The following languages are regarded as closely related languages of Biri by the AUSTLANG database maintained by AIATSIS. Only one alternative name is given, for brevity; most have many more. Most, if not all, of these languages were silenced during the 19th and 20th centuries, but many of them are now being reawakened by their respective communities.

- E38: Garaynbal (Garingbal)
- E40: Gangulu (Kaangooloo)
- E48: Barada (Thar-ar-ra-burra)
- E51: Yambina (Jampal)
- E52: Yangga (Jangga)
- E54: Yuwi (Juipera)
- E55: Yilba (Yukkaburra)
- E57: Wiri (Widi)
- E58: Giya (Bumbarra)
- E59: Ngaro (Giya)
- E63: Yetimarala / Yetimarla

===Yuwi===
E54: Yuwi (Juipera, Toolginburra, Yuipera, Juwibara, Yuibera, Yuwiburra, Yuwibarra, Yuwibara): Yuwibara is treated as a dialect of Biri by Angela Terrill, based on George Bridgeman and Pierre-Marie Bucas' list in Curr (Vol.3, pp. 44–51), having over 80% in common with Biri. However Gavan Breen assigns it to Wiri (E57) – another dialect of Biri – on the basis of geography and other evidence. AIATSIS had not as of October 2020 assigned a status to it.

Yuwi had no recorded speakers between 1975 and 2016 according to AUSTLANG, but efforts are being made to revive the language.
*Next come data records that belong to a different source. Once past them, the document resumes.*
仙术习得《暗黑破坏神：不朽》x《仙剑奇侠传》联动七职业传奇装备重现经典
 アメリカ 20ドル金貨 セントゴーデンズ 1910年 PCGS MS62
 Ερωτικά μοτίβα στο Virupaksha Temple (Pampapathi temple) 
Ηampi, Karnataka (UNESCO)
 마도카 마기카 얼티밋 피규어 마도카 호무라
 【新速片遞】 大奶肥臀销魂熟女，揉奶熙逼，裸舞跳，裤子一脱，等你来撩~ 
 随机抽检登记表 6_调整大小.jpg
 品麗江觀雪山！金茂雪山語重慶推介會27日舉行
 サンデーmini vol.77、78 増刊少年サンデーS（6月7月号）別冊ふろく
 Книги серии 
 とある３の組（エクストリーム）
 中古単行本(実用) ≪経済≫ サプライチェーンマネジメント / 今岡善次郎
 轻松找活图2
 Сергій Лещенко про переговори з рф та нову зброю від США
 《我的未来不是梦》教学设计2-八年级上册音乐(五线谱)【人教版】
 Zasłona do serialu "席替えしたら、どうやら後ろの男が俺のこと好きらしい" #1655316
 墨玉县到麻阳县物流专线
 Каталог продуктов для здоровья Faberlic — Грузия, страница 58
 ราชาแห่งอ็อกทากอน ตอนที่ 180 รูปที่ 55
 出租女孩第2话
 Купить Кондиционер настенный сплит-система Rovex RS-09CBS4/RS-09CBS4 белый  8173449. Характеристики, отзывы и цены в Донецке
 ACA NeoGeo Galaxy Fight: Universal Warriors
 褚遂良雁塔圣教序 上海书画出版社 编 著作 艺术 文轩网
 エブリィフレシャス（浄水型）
After a group of Yuwi descendants had worked hard to revive the language, by January 2020 elders were able to conduct "Welcome to Country" ceremonies in language. It was a long process, which included Elders consulting with the State Library of Queensland, working on building word lists and developing a dictionary. The organisation First Languages Australia, a language advocacy body established in 2013, lends support.

The language and people are usually referred to as Yuwibara today, with a 2020 native title determination made in this name.

===Ngaro===
E59: Ngaro's status as a separate dialect is unconfirmed, with a Tindale wordlist being the only source. Breen assigns it to Wiri (E57).

===Gabulbarra===
Gabulbarra is name for a people of Central Queensland, but little is known about their language. The Gabulbarra people are closely connected with the Barada people and may have spoken a similar language to Barada.